One of the joys of visiting the Venice Biennale is the number of exhibitions of contemporary art on show in historic buildings that you might not otherwise see, often located down canals you would not normally visit. It is as much an architectural discovery as an exploration of new art.
The Gallery Edel Assanti has given us a taste of this for five days alongside Frieze Sculpture 2020 located a short walk away, while the main Frieze London art fair has, like many others, gone virtual.
Tucked away in Clarence Gate Gardens near Regent’s Park is what looks from the outside to be a relatively plain brick church, but inside has rich decoration in and around the chancel. Dedicated to St Cyprian, the 3rd century martyr and bishop of Carthage, St Cyprian’s Church, one of London’s hidden gems which is much celebrated by architectural historians, was designed by the renowned Scottish Gothic-Revival church architect Ninian Comper. While the building was completed in 1903, work on its decoration continued into the 1940′s but remains incomplete today, but the church is none the less fascinating for that.

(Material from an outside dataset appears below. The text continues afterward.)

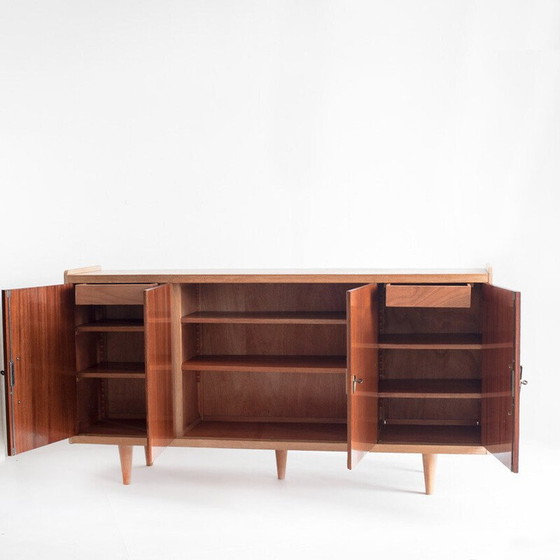 Image 1 of Vintage high sideboard. Oak and embero veneered wood. France, 1960s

Inside, a crowd of socially-distanced and slightly spooky figures by the American artist Oren Pinhassi stand in conversation, the figures containing elements from showers in bath-houses stand in conversation, their form and relatively subdued colours contrasting to the rich architecture beyond.
Is there are opportunity here for more such exhibitions in unknown, unusual and historic buildings when Frieze 2021 comes to London?